I see these people announcing their happy news, and all I can think is, "YOU LIED RIGHT TO MY FACE."
LYING BITCH.
Now, of course, this is completely ridiculous. First off, people are allowed to change their minds. Especially about important matters ... and 'how many kids should we have' is one of the most important decisions anyone makes in their entire lives. Imagine if you were eternally stuck with the decision you made at age 24, six beers deep after spending the weekend with your bratty nieces and nephews. Or the decision you made after watching too many episodes of "A Baby Story" three days after getting dumped. My god, everyone on earth would have either zero kids or ten of them.
Second of all, it's not my business how many children other couples want to have, and when they want to have them. Like, I can hardly think of a topic that is less my business than that. I think I'm owed a rundown of your bowel movements more than I'm owed a copy of your reproductive plans.
Third of all, accidents happen. Maybe that friend really DIDN'T plan to have kids until she was 30, but she took some antibiotics that made her birth control stop working and now she's pregnant at 26 unexpectedly. And maybe she doesn't really want to announce that to everyone on Facebook. And maybe that other woman found out she was pregnant a week after her husband got his vasectomy. They really did think they were done, but then ... life found a way.

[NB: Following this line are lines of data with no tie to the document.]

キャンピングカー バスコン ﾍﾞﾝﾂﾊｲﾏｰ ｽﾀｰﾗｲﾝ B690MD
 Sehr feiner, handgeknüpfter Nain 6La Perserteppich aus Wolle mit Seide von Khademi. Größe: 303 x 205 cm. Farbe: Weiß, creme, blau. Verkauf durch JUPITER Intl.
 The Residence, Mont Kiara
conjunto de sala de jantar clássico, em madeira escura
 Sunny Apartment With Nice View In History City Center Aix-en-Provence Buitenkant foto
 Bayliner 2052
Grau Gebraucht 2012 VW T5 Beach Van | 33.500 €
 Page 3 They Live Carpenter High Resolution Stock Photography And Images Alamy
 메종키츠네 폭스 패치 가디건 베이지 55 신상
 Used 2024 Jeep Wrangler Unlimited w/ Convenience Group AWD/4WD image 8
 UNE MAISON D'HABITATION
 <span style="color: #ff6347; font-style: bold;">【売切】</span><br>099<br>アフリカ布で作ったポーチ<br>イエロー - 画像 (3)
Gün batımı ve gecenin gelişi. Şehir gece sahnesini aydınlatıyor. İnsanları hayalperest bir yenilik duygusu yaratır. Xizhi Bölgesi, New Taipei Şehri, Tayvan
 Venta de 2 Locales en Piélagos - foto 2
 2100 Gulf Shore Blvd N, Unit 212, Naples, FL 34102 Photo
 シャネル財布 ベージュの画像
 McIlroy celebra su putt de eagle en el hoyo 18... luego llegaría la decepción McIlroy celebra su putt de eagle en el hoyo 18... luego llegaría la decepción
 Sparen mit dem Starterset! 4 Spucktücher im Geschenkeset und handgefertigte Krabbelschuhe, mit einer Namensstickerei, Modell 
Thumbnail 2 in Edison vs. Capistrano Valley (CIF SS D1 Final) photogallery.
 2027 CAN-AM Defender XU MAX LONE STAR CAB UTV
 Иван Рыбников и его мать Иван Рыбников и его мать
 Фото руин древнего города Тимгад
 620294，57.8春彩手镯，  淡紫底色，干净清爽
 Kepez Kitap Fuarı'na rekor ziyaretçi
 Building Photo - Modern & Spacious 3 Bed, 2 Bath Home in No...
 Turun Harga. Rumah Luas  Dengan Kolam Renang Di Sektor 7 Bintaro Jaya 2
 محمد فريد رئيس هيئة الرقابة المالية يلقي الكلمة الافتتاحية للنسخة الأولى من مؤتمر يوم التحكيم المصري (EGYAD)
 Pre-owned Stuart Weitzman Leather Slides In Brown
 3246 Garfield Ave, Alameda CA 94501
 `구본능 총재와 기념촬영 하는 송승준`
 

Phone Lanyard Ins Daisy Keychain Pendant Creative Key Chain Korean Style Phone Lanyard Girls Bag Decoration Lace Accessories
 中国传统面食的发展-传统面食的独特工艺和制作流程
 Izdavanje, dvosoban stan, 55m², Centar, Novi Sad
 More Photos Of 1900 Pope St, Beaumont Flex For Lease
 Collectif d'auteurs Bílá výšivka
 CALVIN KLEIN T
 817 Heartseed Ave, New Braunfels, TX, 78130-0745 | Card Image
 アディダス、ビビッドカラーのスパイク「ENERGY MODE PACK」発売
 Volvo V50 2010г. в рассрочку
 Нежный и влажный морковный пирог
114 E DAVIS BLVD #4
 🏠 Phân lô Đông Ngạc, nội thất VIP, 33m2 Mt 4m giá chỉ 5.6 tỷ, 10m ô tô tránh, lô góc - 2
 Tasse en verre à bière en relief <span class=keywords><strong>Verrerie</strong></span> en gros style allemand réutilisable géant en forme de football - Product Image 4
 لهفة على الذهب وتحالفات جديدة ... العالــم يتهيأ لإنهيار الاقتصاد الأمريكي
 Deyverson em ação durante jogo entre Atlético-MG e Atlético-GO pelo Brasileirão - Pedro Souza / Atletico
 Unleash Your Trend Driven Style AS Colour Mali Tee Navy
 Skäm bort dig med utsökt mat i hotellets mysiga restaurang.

All of these excellent reasons why I shouldn't feel betrayed have absolutely no bearing on whether or not I actually feel betrayed, though. If you're pregnant and I didn't have any inkling that it was coming, then you got some apologizing to do, buddy. Because this shit will not fly.
When people stink up the bathroom at work
When I walk into the bathroom at work and it smells like poop, I get angry. I get angry like I would if someone had intentionally farted directly in my face and then ran away laughing.
HOW RUDE. HOW DARE YOU. I DO NOT WANT TO SMELL THIS.
This is also completely ridiculous. Most people don't plan on stinking up the bathroom. It's not like they sit in their car on the way to work giggling about how awesome it's going to be to make all their coworkers breathe in their poop stench.
YOU MONSTER.
It's just something that happens sometimes, when your body doesn't really cooperate with what you intend. I prefer to poop at home, and I think most people feel the same way ... but there are times when that just doesn't work out.
It's absurd to get offended by that.
But I do anyway. Because I'm breathing someone else's poop and I hate it and that person should be fired immediately, if not sooner. They're creating a hostile work environment. It's unacceptable.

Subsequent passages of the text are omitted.